§ **ACTIVITY**: In the entries below, find the line with "Simkhai Clementine Pleated" and the line with "Beyaz arkaplanda siyah". Return those two lines and all lines between them, exactly.
━━━ INPUT
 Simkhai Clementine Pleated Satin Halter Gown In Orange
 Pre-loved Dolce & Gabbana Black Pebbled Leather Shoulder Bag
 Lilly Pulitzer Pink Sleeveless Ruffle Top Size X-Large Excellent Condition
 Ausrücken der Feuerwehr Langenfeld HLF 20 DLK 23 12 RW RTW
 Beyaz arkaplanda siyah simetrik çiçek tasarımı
━━━━━━
━━━ INPUT
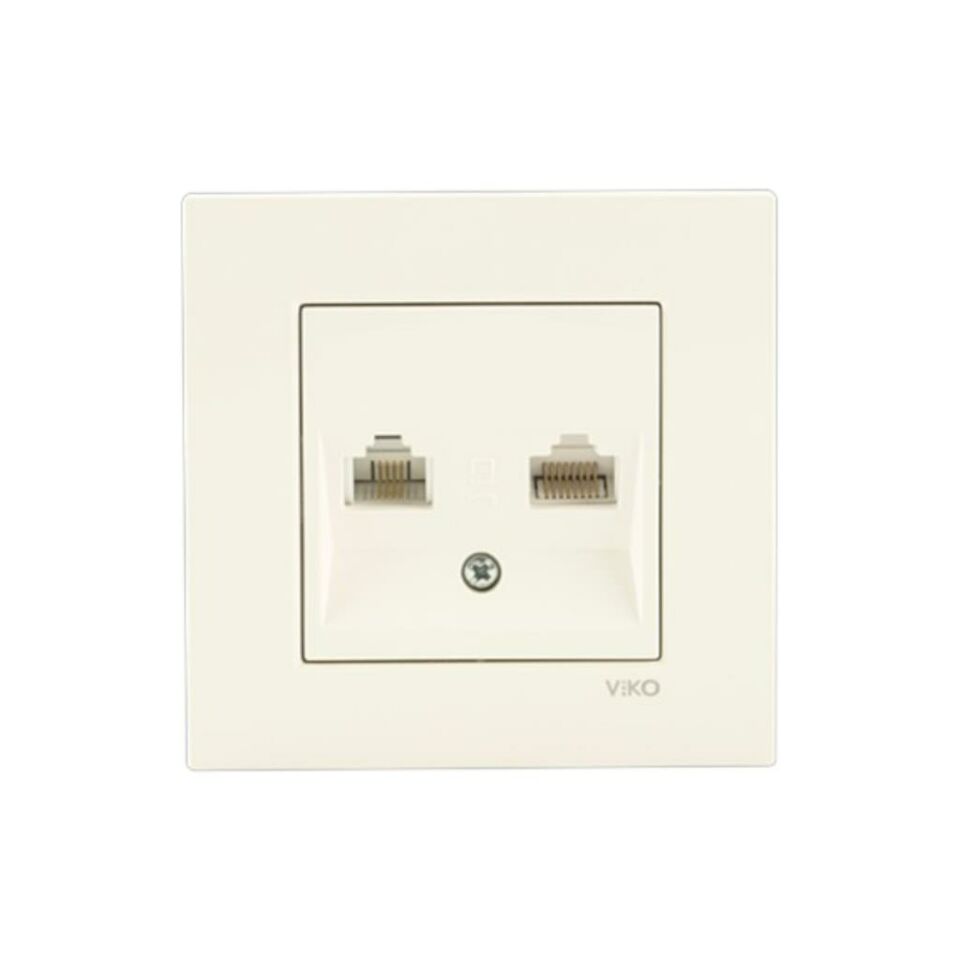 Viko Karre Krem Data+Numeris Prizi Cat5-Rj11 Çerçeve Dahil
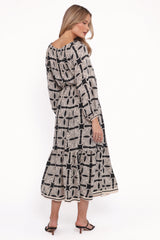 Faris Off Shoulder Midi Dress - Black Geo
━━━━━━
§ **YOUR RESPONSE**:
 Simkhai Clementine Pleated Satin Halter Gown In Orange
 Pre-loved Dolce & Gabbana Black Pebbled Leather Shoulder Bag
 Lilly Pulitzer Pink Sleeveless Ruffle Top Size X-Large Excellent Condition
 Ausrücken der Feuerwehr Langenfeld HLF 20 DLK 23 12 RW RTW
 Beyaz arkaplanda siyah simetrik çiçek tasarımı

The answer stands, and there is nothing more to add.